The Moors by Ben Marcus
The Moors is not quite a book in the traditional sense–more of a complex and involving pamphlet–but it represents the longest piece of writing, bar the Flame Alphabet (which just came out), that Ben Marcus has released or published in the past nine or so years. Marcus is one of my favorite writers, and not only for his style, which is, if not 100% his own, then as close to it as any contemporary author’s can be. He seems to incorporate a number of ideas from philosophy of language into his fiction, in ways that are less didactic and more straight-up bewildering/terrifying. It’s almost as if he takes the serious hypotheses of people like Kripke or Wittgenstein or Quine or whoever and imagines the world in which those hypotheses would be true everyday and everywhere–atomically. For instance, in Notable American Women, there is a long section on the Naming Machine (it ran as an excerpt in McSweeney’s #8) where different names are tested by members of a family upon the daughter/sister figure. Her reactions–which vary widely and are sometimes grotesue and negative, other times very positive–are recorded for government use (see Kripke, Naming & Necessity. Marcus is sort of perverting the causal theory of reference, or just turning it to his own uses), and the girl ends up being tortured by the process, with the lasting point being that there is something essential about the name that has an effect upon the person bearing it.
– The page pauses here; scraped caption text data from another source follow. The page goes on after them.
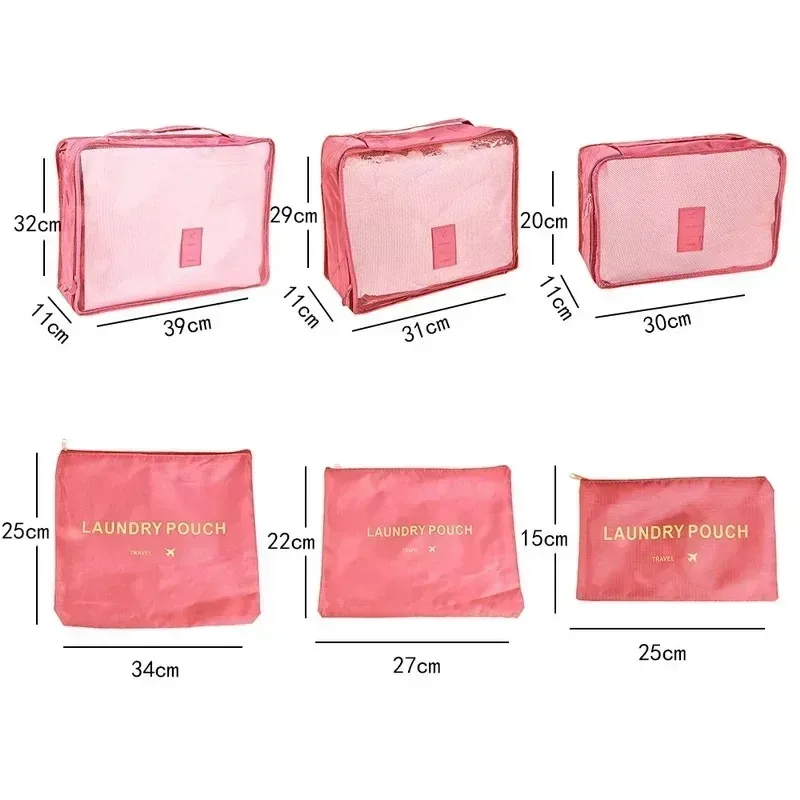 ensemble de 6 sacs de rangement de voyage, ensemble de sacs de rangement pour valise, organiseurs de bagages portables, organiseurs pliables pour vêtements et chaussures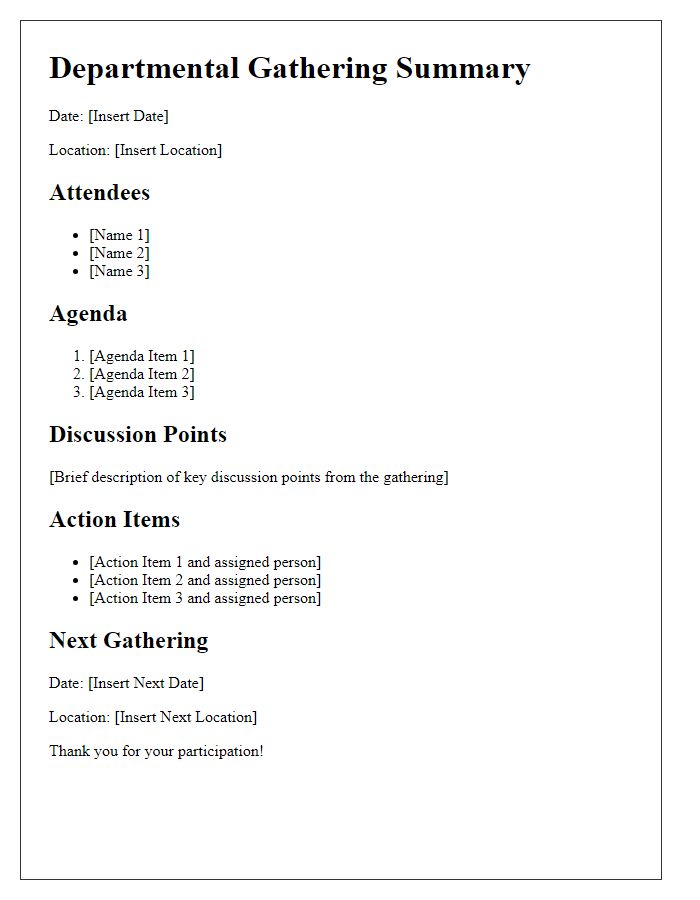 Letter template of summary for departmental gatherings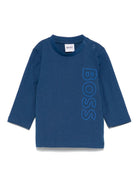 T-shirt con stampa logo per neonato BOSS Kidswear blu con scollo rotondo - Rubino Kids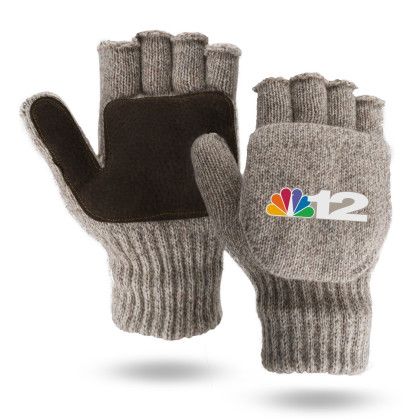 Custom Glomitt Wool Flip Mittens - Oatmeal 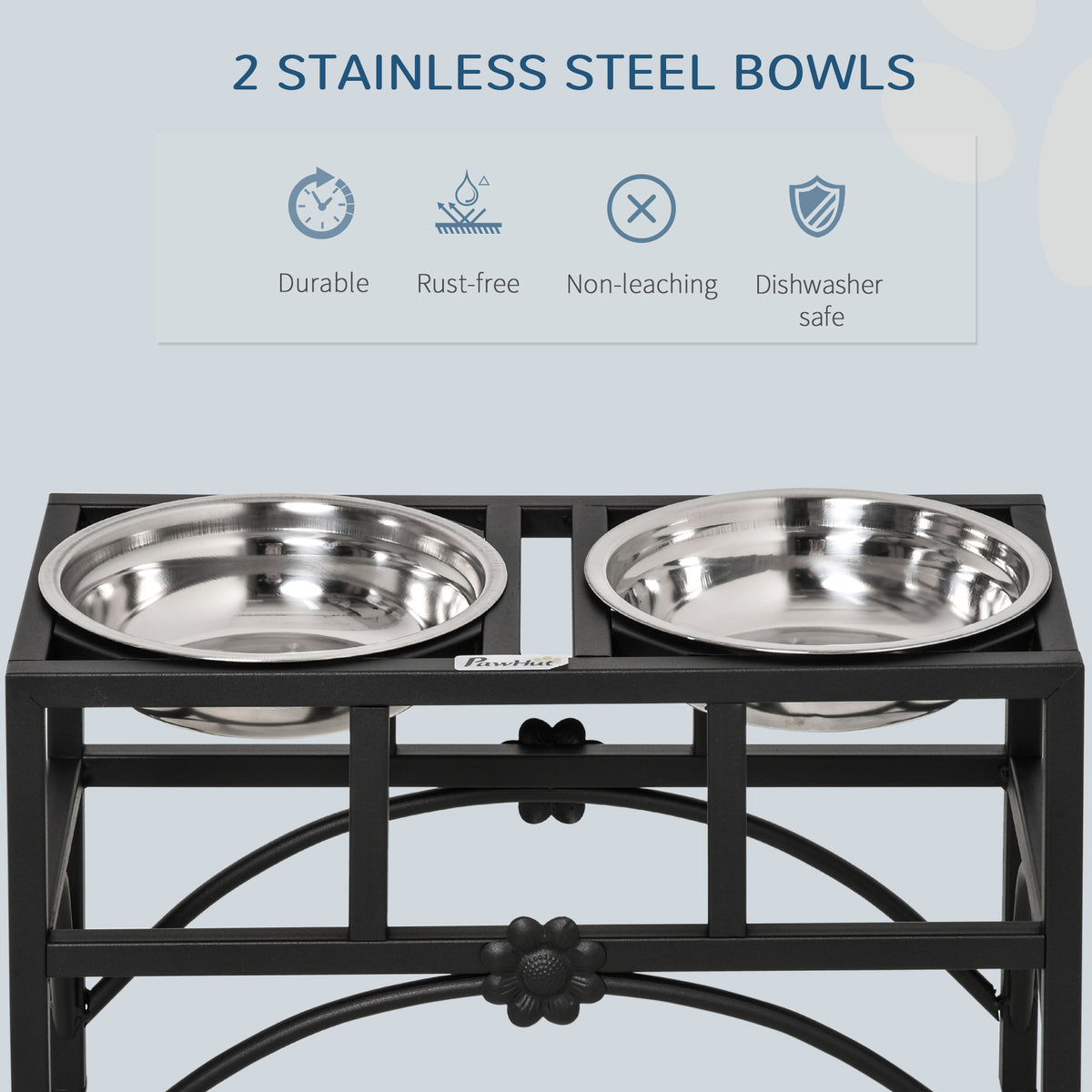 Stainless steel double bowl pet feeder on a black stand with durability and safety features listed.
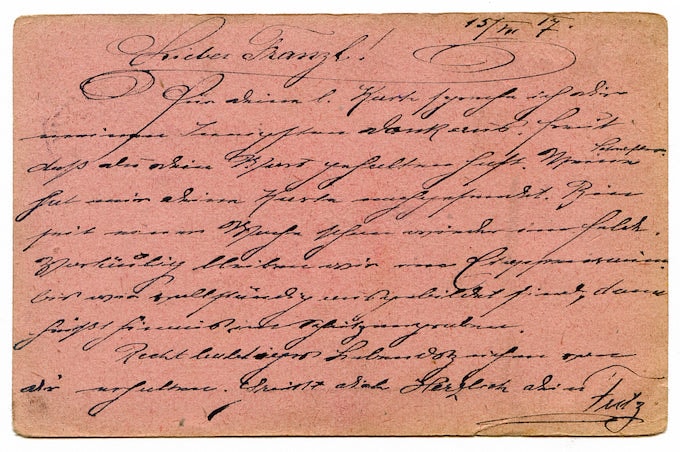 Handwritten letter on aged paper
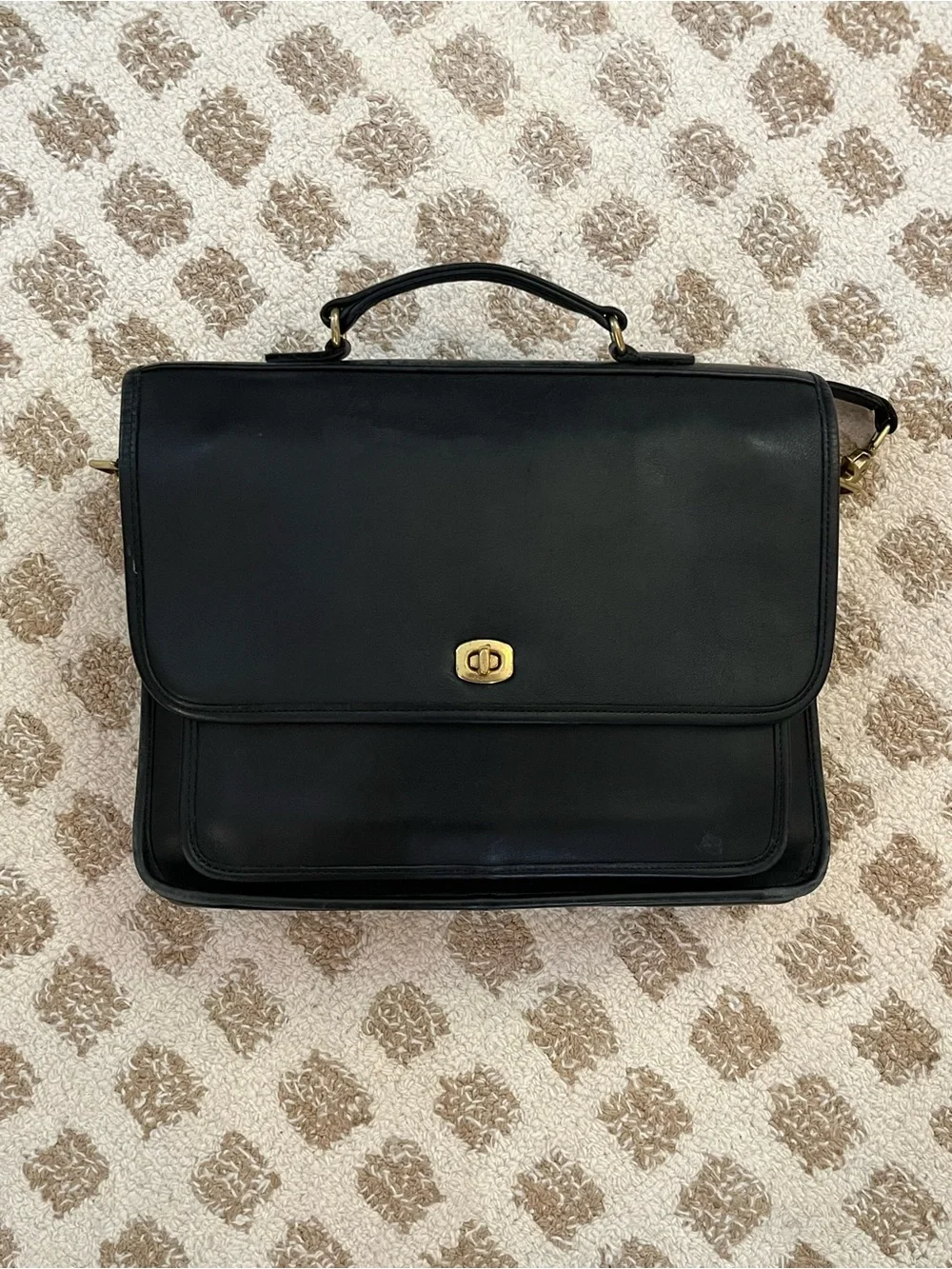 Vintage 1997 Coach Colebrook 5181 Black Leather Briefcase Messenger Crossbody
The Moors is almost nothing like Marcus’s other writing, and, from what I’ve heard about his new novel, seems closer in spirit to the Flame Alphabet. It’s a turn towards more traditional forms and style, though the rigorous thinking is still there, and that’s maybe what I like most about Marcus. He notices down to the most micro, fine-grained detail, like most great writers, but he knows how to use that info in service of a well-placed heartbreaker of a sentence, or for a great joke. Like Padgett Powell, Marcus is a grammar virtuoso, and, since he knows the rules so well, he has a good ear for constructions or usage in English that can be bent to perfect effect, for example, there’s this from near the beginning:
Anyway, Thomas couldn’t fathom how a person who hoped to live through the day could subscribe to such a Lego-ridden fantasy of worker relations the word colleague implied: as if a group of people whose heads were darkened by the very same hovering ass–something he decidedly never learned in night school was the term for how the human voice sounded when the mouth was smothered by an oily slab of buttock–would ever link arms, sing songs, and be massively productive together, just because they peed against the same wall or starched themselves into a stupor on the salted Breadkins from the vending machine every day.
There are portions of The Moors during which it’s tough to keep up with the jokes, each sentence is rich with weird humor or an off-use of a cliched term or an unbearably nuanced analysis of office mores, etc. If you enjoyed Wallace’s Pale King at all, you will definitely enjoy this book. And for all its weirdness, the ending will kill you, I promise. I have a suspicion that The Moors is Ben Marcus’s version of a sitcom, or at least his way of relaxing a little and taking a risk in a manner that doesn’t involve the re-invention of contemporary American experimental fiction, and it might be the best thing he’s ever done (though it’s true I haven’t read Flame Alphabet yet).